Nel dettaglio, ci aspettiamo ricavi totali pari a 327,7 milioni di euro, con commissioni di ingresso per 5 milioni di euro (in crescita del 37% rispetto allo stesso periodo dell’anno precedente), commissioni di gestione per 290 milioni di euro, commissioni di performance leggermente negative a causa dell'effetto penalizzante del meccanismo delle fulcrum fees, altre commissioni pari a 7,1 milioni di euro e commissioni assicurative per 35 milioni di euro (in calo del 30% su base annua).
Il confronto annuale è influenzato negativamente dal deconsolidamento delle attività in Australia, che nel periodo precedente avevano contribuito per circa 35 milioni di euro.
I costi operativi sono attesi a 184,4 milioni di euro, con costi di distribuzione pari a 108 milioni di euro, costi del personale a 68 milioni di euro e ammortamenti e svalutazioni per 8,2 milioni di euro.
L’utile operativo è previsto a 143 milioni di euro, l’utile ante imposte a 145 milioni di euro e l’utile netto, al netto delle minoranze, a 105,4 milioni di euro.
Effetto
La raccolta netta del primo trimestre 2025 è stata molto positiva, attestandosi a 4,5 miliardi di euro (2,3 miliardi escludendo l’acquisizione di KCM a febbraio), interamente riconducibile al risparmio gestito, in forte aumento rispetto agli 800 milioni di euro del primo trimestre 2024.
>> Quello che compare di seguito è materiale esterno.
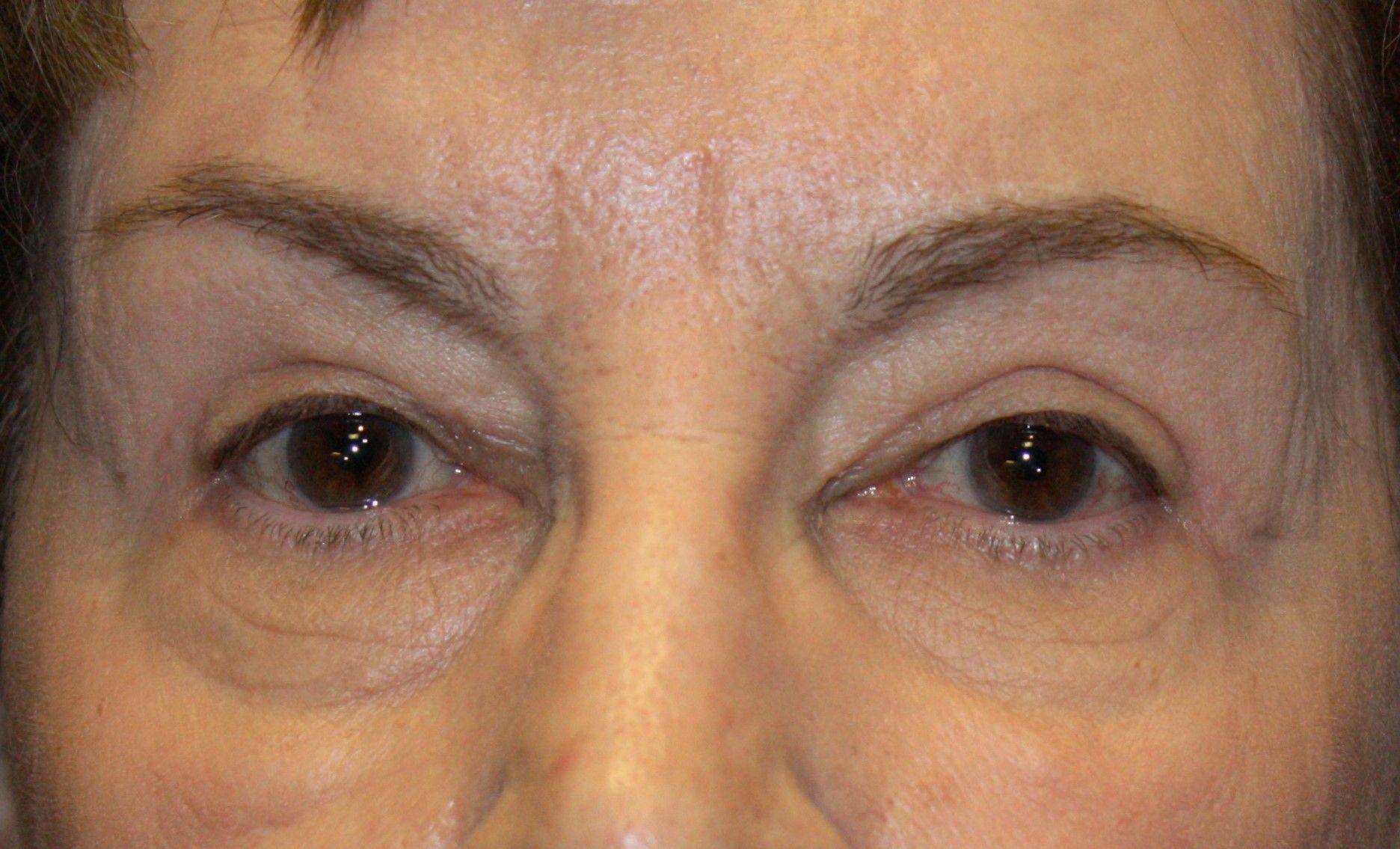 Chirurgie des paupières supérieures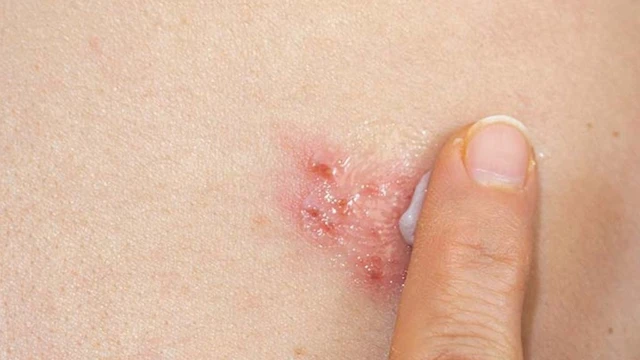 bai-viet/cach-tri-gioi-leo-tai-nha-an-toan-va-hieu-qua-khong-de-lai-seo.html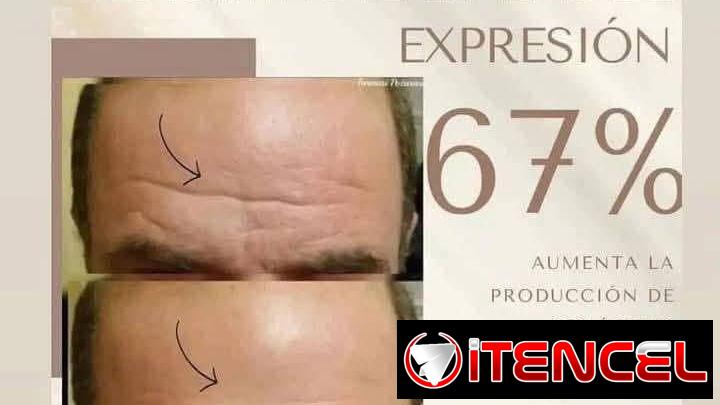 ‼️ BOTOX INSTANTÁNEO Farmasi‼️😍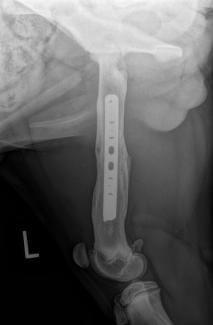 Femoral fracture repair healed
Il risultato ha beneficiato di andamenti favorevoli in tutte le aree geografiche, in particolare in Italia, Singapore e grazie al contributo di Nova. I trend di raccolta si sono dimostrati sorprendentemente solidi negli ultimi mesi, e restiamo in attesa di indicazioni circa la possibilità di mantenere questi livelli anche nei prossimi trimestri.
In generale, il 2025 è impattato dal deconsolidamento delle attività Australiane dopo la cessione della quota di maggioranza a Oaktree. Riteniamo che Azimut possa confermare le guidance sul 2025 che prevedono un utile netto di almeno 400 milioni escludendo impatti dall’operazione di spin-off parziale della rete distributiva italiana.
L’Assemblea del 30 aprile prevede il rinnovo del CdA e dovrebbe essere confermata l’attuale governance, tuttavia la composizione del consiglio potrebbe dipendere anche dai voti ottenuti dalla lista di minoranza presentata da Assogestioni.
Inoltre, ci aspettiamo nelle prossime settimane indicazioni sull’andamento dei colloqui con FSI per l’ingresso con una quota rilevante nel progetto TNB (The New Bank). L’evoluzione di questo progetto rimane un elemento cruciale per l’equity story e per consentire una chiusura del gap valutativo a cui tratta il titolo rispetto al settore.